[INPUT FOR THIS TASK]

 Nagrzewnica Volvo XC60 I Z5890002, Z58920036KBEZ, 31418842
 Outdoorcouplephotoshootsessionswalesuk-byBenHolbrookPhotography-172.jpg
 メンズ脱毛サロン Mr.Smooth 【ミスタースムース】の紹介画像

[/INPUT FOR THIS TASK]
[INPUT FOR THIS TASK]

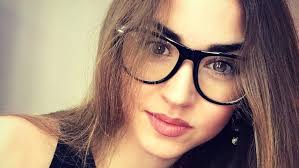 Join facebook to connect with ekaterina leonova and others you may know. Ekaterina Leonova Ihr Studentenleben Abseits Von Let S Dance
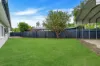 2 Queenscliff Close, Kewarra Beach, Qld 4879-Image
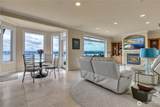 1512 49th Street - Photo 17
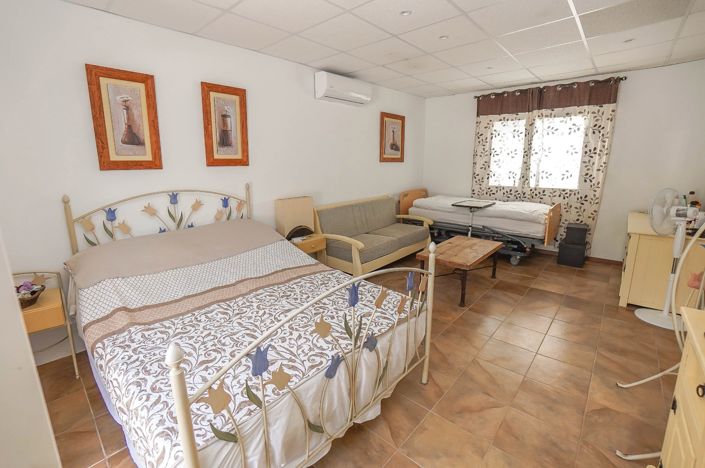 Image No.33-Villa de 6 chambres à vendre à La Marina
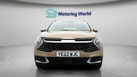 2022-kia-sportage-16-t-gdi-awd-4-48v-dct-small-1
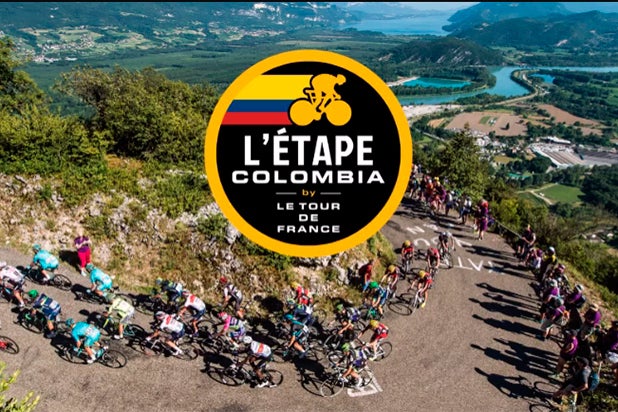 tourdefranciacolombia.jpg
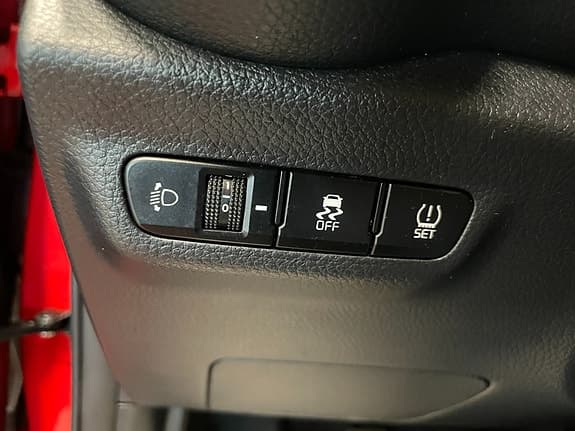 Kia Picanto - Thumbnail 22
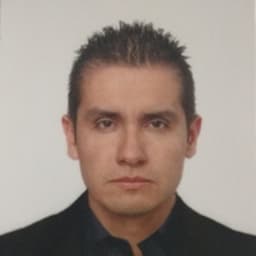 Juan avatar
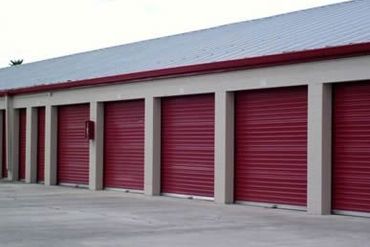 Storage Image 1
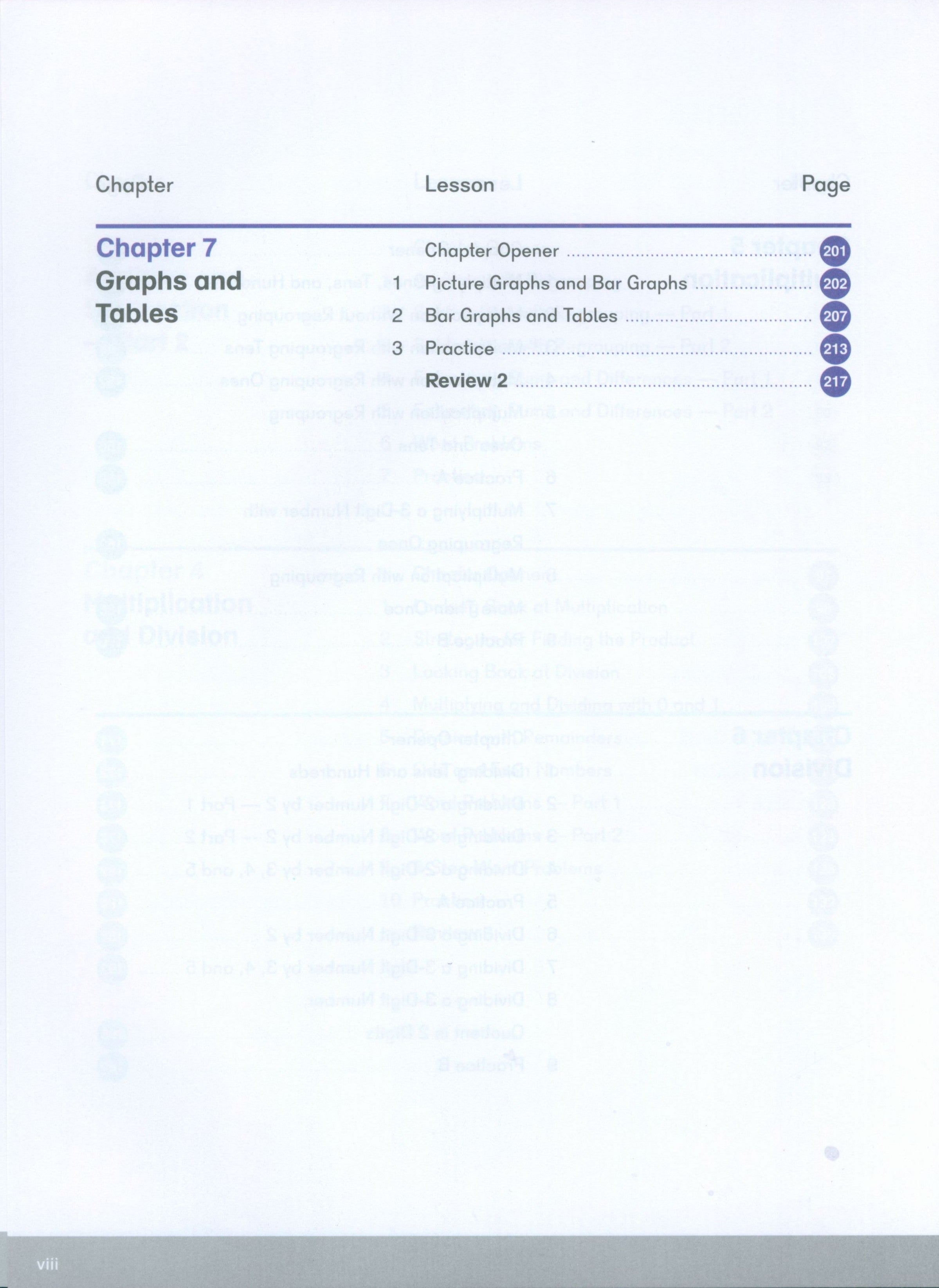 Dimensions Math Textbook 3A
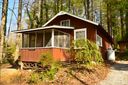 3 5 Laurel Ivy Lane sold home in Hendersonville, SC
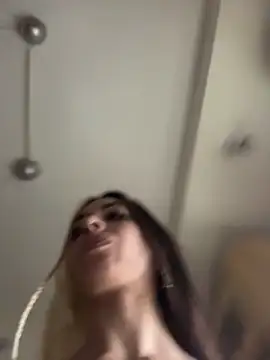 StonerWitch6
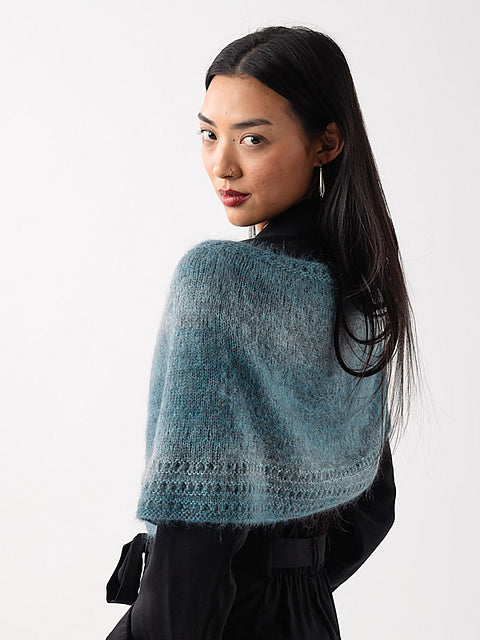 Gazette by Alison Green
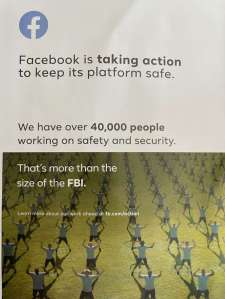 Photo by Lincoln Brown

[/INPUT FOR THIS TASK]

## TASK TO CARRY OUT
Could you set down, word for word, only the lines above from the line with "Nagrzewnica Volvo XC60" to the line with "メンズ脱毛サロン Mr.Smooth 【ミスタースムース】の紹介画像", including both?

## RESPONSE
 Nagrzewnica Volvo XC60 I Z5890002, Z58920036KBEZ, 31418842
 Outdoorcouplephotoshootsessionswalesuk-byBenHolbrookPhotography-172.jpg
 メンズ脱毛サロン Mr.Smooth 【ミスタースムース】の紹介画像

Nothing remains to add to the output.